I went ahead and took a closer look at some of the issues you were having with the new formatting and found the following:

zaneselvans commented 3 years ago

@aesharpe it sounds like there were a couple of minor column mapping issues on our part, but that mostly these discrepancies between the spreadsheets which we had previously mapped and the ones that are currently available and labeled "reformatted" are due to changes in the spreadsheet contents (not just format) that were done by EIA. Is that correct?

I'm not sure what the table-specific "territory" data contains, but we have integrated the service_territory_eia861 table and cleaned it up so we can add actual county FIPS codes, and then also have routines for compiling individual utility territories into balancing authority territories.

karldw commented 3 years ago

I'm not sure what the table-specific "territory" data contains, but we have integrated the service_territory_eia861 table and cleaned it up so we can add actual county FIPS codes, and then also have routines for compiling individual utility territories into balancing authority territories.

The table-specific *_territories_eia861 data contains the same information as the non-territories equivalent, but for US territories American Samoa (AS), Guam (GU), Northern Mariana Islands (MP), Puerto Rico (PR), and U.S. Virgin Islands (VI).

zaneselvans commented 3 years ago

Ooooooh, that kind of territory. Got it. It's always seemed weird to me that those are broken out separately. If they have the same data structure, and their own state/territory code, why not put them all in the same tables?

karldw commented 3 years ago

I'm running into issues where the data values don't match up between the original and reformatted data. For instance, in the 1998 reformatted data, AEP Generating Co (EIA ID 434) has summer and winter peak demand of 3175 and 2117 MW (cols D and E of Operational_Data_1998.xlsx). In the original data (861TYP1.xls), the same utility has a summer peak load of 1,309,000 (column AE) and a winter peak load of 1,306,000 (column Z).

  1. I'm guessing this is partly a unit difference: kW in the original data, MW in the reformatted.
  2. Even with unit differences, the numbers are quite different.
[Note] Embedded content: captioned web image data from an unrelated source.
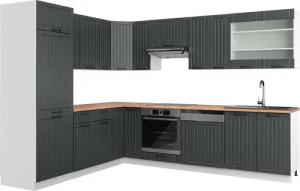 Vicco Winkelküche Fame-Line, Anthrazit Landhaus/Weiß, 227
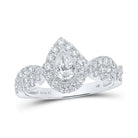 Sparkling Love: 14kt White Gold Pear Diamond Halo Bridal Wedding Engagement Ring 1 Cttw - Splendid Jewellery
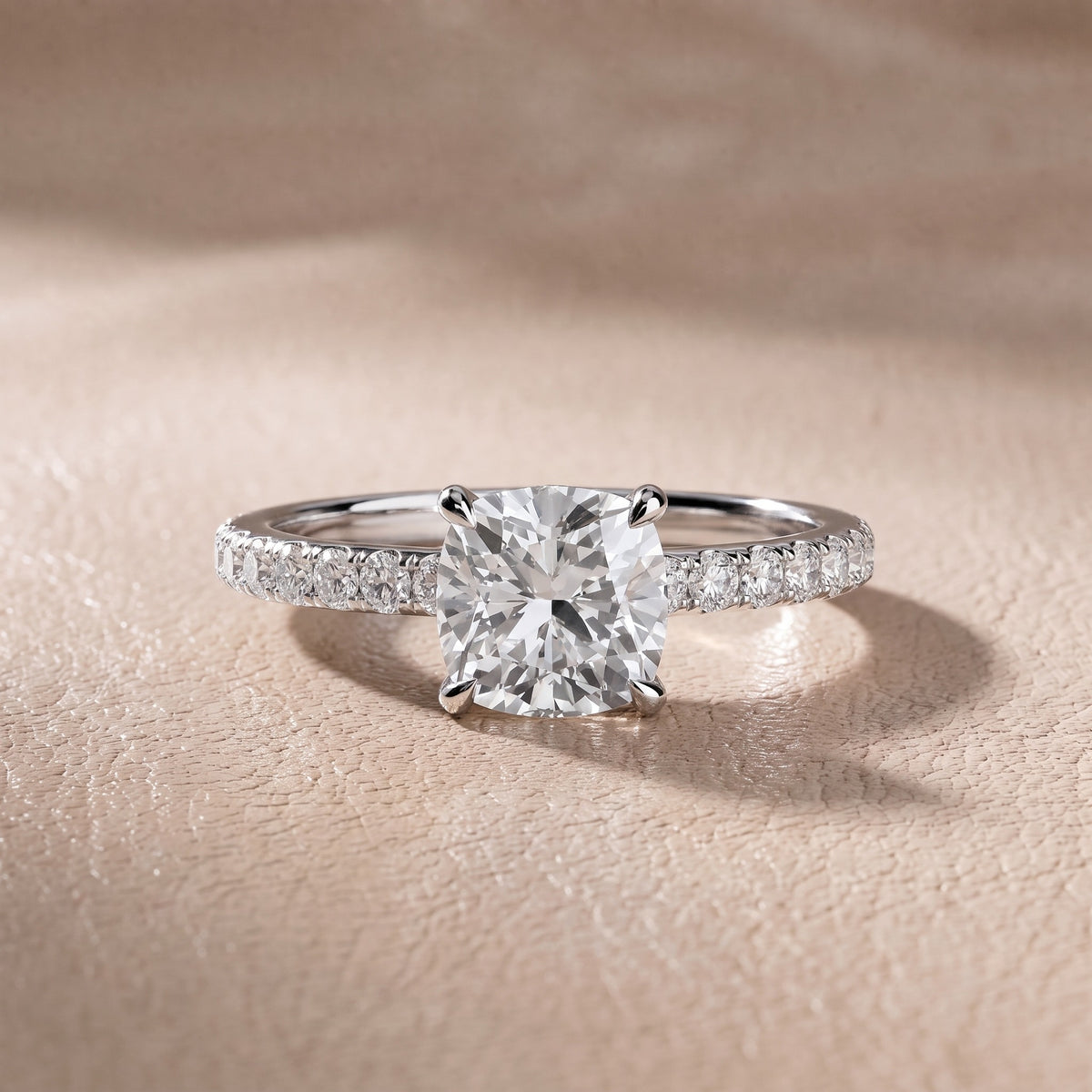 Thea Hidden Halo Pavé Cushion Diamond Engagement Ring in Platinum - front.jpg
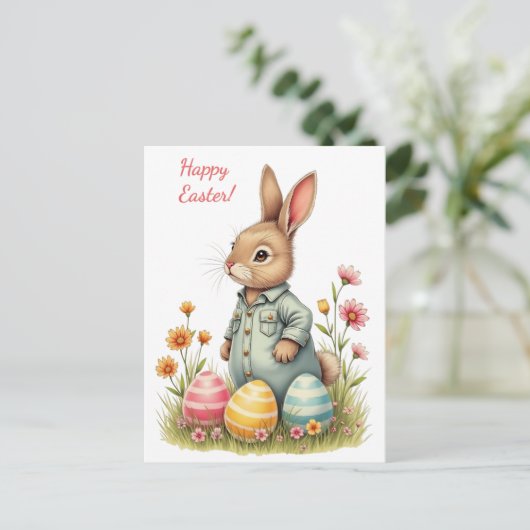 Paaskaart in zachte pastelkleuren feestdagenkaart (Staand voorkant)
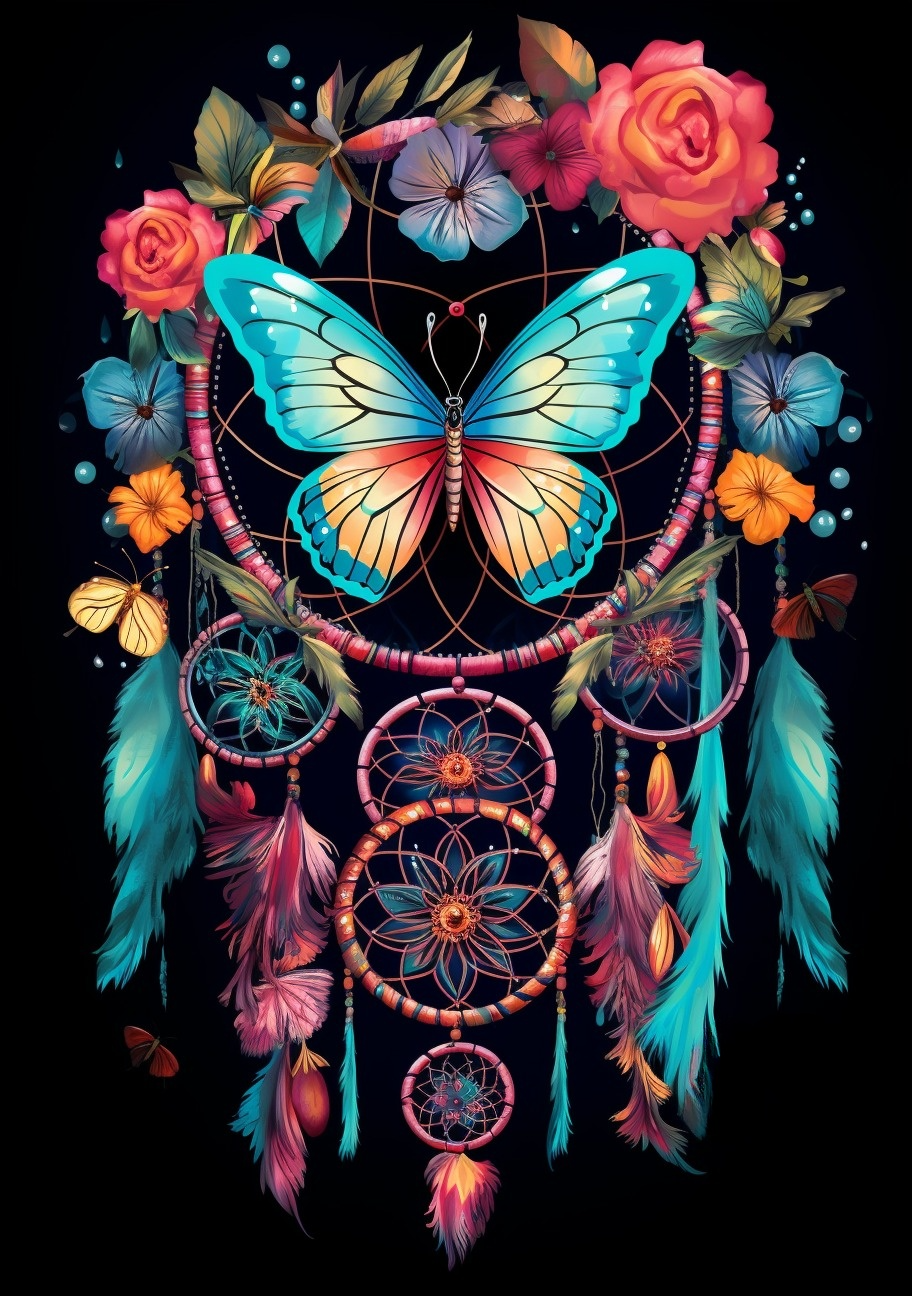 Feather Rose Dreamcatcher Diamond Art Kit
How do you want to handle this?

Other variables, like annual net generation, are the same (8,723,172 MWh for AEP).

zaneselvans commented 3 years ago

If you look at several different years for the same plant is it clear what numbers are right? Are the unit reporting differences uniform across the whole dataset, or is it only few utilities that are using the wrong units? In the FERC 1 data, we handle unit reporting errors like kW vs. MW or lbs vs tons in the transform step, identifying numbers that look like they are clearly off by 1000x or 2000x etc. but it's quite messy. Seems like another thing we need to bring up with EIA.

karldw commented 3 years ago

Just a quick update: I won't be able to work on this for a few weeks, but I'll take a look in April.